田中(英)委員 地方に対して望まれる基本的なこと、そしてそういう思いを持ってこれからの地方行政の経営もやっていくべきだというお話をいただいたわけであります。

 確かに、いわゆる金目という意味合いでの財政上は非常に厳しくなっていく。しかし、私も首長のときにそういうふうに市民の皆さんに申し上げておったのでありますけれども、その範囲の中でできるだけの努力をしているんだというふうに住民の皆さんが認識をするというか、そのように褒めたたえてもらうとまではいきませんが、思っていただければそれが住民満足度につながるのであって、住民満足度を高めるためには、金目だけではなくて、よく説明をしたり丁寧に議論を交わしたり、その中ででき得ること、できないことをしっかりと話したり、要は、そういう接触度というものがこれから大きな経営力というものにつながっていくんだろうというふうに思ってきたわけであります。

 しかし、今回、とりあえず財政上の国と地方の制度の振り分けみたいなものでありますから、どうしても金の方にいろいろな話が集中しておる。
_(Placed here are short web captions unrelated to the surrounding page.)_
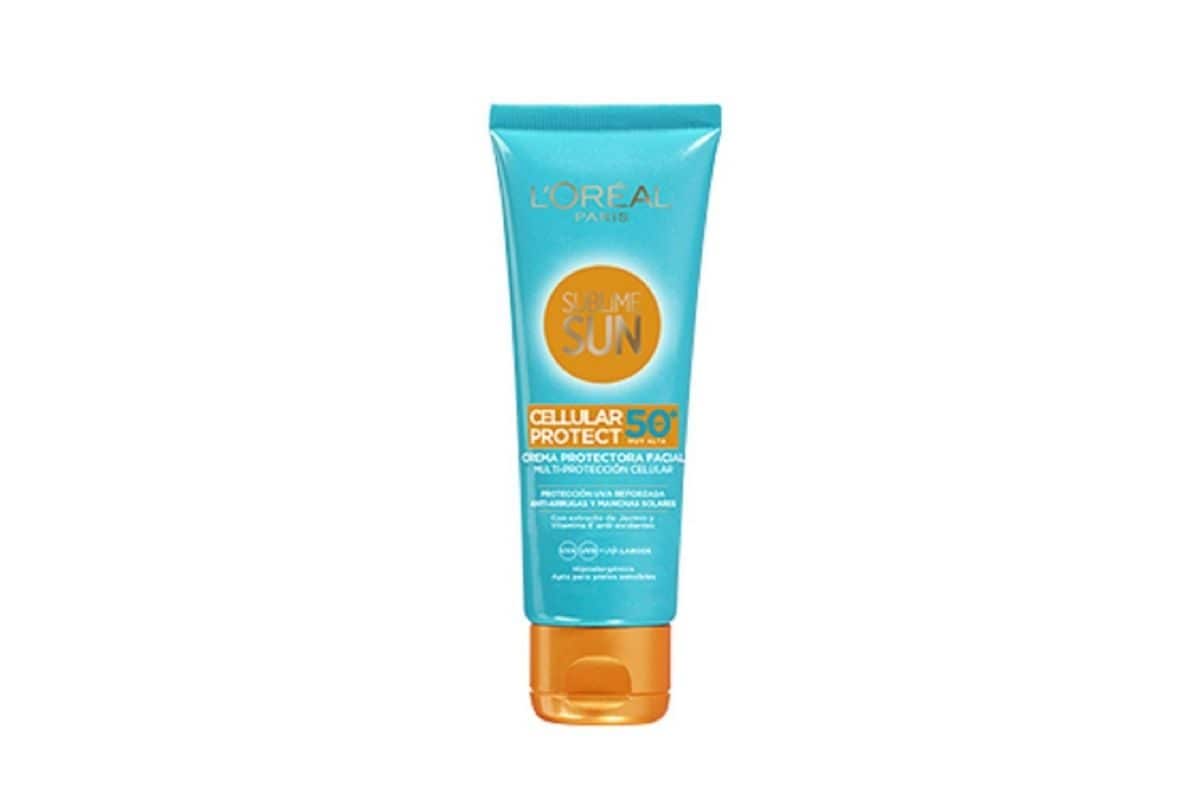 Crema solare viso SPF 50+ L'Oréal Paris Sublime Sun Cellular Protect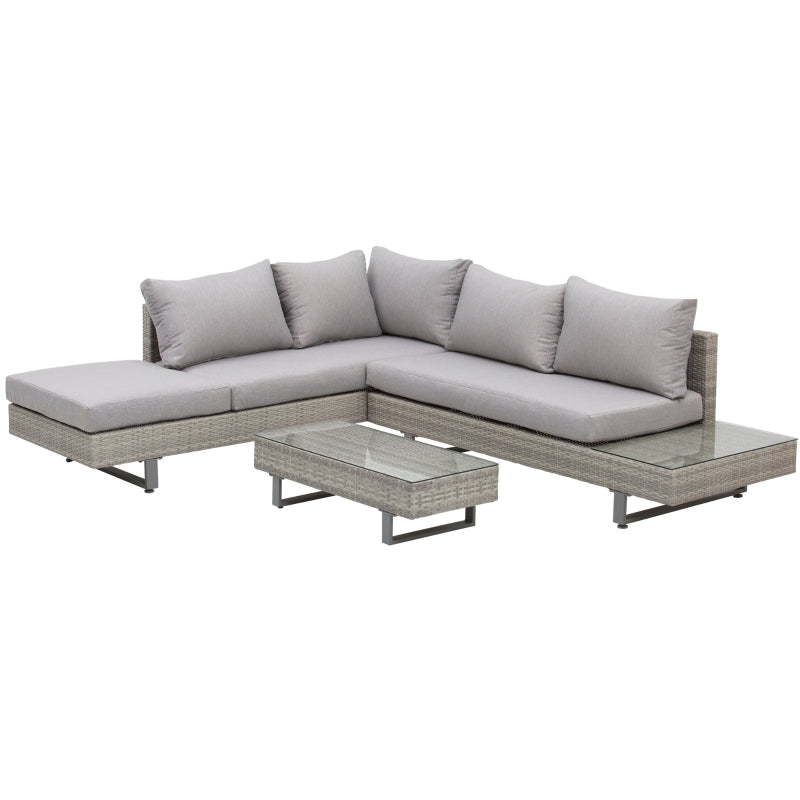 Three-Piece Corner Rattan Set With Glass Coffee Table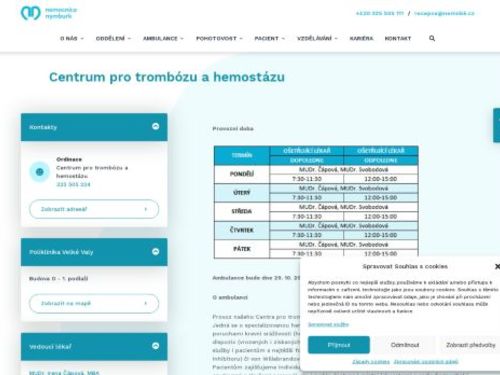 Centrum pro trombózu a hemostázu - Nemocnice Nymburk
こういうことでありますから、ぜひ今大臣のおっしゃったようなお気持ちがそれぞれの首長につながっていくように、今後もお願いを申し上げておきたいというふうに思うわけであります。

 経営ということに関して、今おっしゃったようなことで、まだ十七年が積み残していっているわけですから、どっちかといえばそっちの方が大きな課題にはなるわけであります。しかし、当面がとりあえず四兆と言われたりしておる。あるいは六団体でいうと、いやいや八兆なんや、こんなことを言ったりと、何かお金で言っておるのでありますけれども。本当は十八兆ですか、二十兆ですか、税金等々もあるとするならば、要は、国は何をすべきか、地方は何をすべきかという大もとの議論も含めてですけれども、どの辺まで行くのが最終なのかということをやはり議論しないと、途中で、ことしはこれや、ことしはこれやというと、なかなか難しいと正直思うんですね。

 その辺について、どのように終着点というかあるべきものをお考えかということをお聞きしたいのであります。
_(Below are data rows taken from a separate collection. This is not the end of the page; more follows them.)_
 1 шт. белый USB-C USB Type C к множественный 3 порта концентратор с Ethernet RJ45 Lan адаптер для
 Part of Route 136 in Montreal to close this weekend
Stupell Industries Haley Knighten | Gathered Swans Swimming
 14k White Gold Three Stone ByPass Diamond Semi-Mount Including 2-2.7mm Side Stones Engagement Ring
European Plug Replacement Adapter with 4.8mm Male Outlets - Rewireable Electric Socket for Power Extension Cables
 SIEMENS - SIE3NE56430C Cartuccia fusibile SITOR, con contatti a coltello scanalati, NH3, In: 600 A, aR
 実は、一つこういうことを私は地元で言っているんですよ。例えば、川があって道路があって学校を建てるのがあって、それで廃棄物処理場がある、四つあるとします。全部補助金をもらっておった。二つは補助金、どれでもいいですけれども、例えば川と道路は補助金がなくなって、府県に移ったか何かで国の関与ではなくなる、学校と例えば廃棄物、たまたま今言うたのでいったら、これだけ残った、そしたらこっち側の分は、府県であろうと市町村であろうと丸っぽ一緒と見たら、ここはもともと一般財源がふえるわけですよ。一〇〇が一一〇かなんかになるわけですよ。そしたら、この一一〇を使って、まあ人件費やらありますけれども、これを使って裏負担にして、補助金のあるものを先に食った方が、地方としてはたくさんの住民要望の実現ができるわけですよね。
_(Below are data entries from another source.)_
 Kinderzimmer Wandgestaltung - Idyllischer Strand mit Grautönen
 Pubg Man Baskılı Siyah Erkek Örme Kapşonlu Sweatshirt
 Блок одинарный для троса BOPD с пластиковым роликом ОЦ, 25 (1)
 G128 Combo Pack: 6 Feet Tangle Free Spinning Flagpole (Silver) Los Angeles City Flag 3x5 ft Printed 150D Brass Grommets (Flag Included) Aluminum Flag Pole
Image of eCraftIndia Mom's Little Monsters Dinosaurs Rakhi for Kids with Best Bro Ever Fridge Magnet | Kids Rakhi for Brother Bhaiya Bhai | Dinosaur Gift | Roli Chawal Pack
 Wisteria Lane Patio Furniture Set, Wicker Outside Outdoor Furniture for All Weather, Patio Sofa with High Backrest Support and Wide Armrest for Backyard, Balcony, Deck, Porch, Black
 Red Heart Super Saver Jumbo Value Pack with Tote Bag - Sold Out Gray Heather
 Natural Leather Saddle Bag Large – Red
 これはみんなそっちにそう行く。確かに、先行きのものが見えなかったら、目の前だけでいかれたら。それが経営者というもので、またそうしなかったら代表株主訴訟になってしまうのと違うか、こういうようなことまで言っておるのであります。

 そういう意味において、何年先にはやはりあり得べきところに行くのだ、もちろんその議論は大いにされているのでありますが、そこら辺についてどんなものとお考えなのか、ちょっとお聞かせいただきたいと思います。

麻生国務大臣 まことにごもっともな御指摘なんだと思うんです。基本方針二〇〇三のときに、四兆円程度の補助金ということの目標を定めてこれでスタートして、最初に一兆円、そして、ことし約三兆円の税源移譲を目指すという目標を定めておるんです。問題は、そこまではわかったがそれから後の話だというんですが、取り急ぎ、十八年度までに補助金改革を含めて税源移譲、残りのものをきちんとした形にしないといかぬというところなんだと思っております。

 傍ら、地方六団体の方からは、今御指摘があったように、ほぼ九兆円の税源移譲という要求が出ておりますので、私どもとして、一つの目安としては、今、国対地方税の比率が五八対四二かな、何かそれくらいになっていると思うんですが、こういったものの額の比率を五対五、地方と国との比率は五対五、一対一とか、表現はあろうと思いますが、そういったもので税源配分の見直しというものをぜひということを提案しているんです。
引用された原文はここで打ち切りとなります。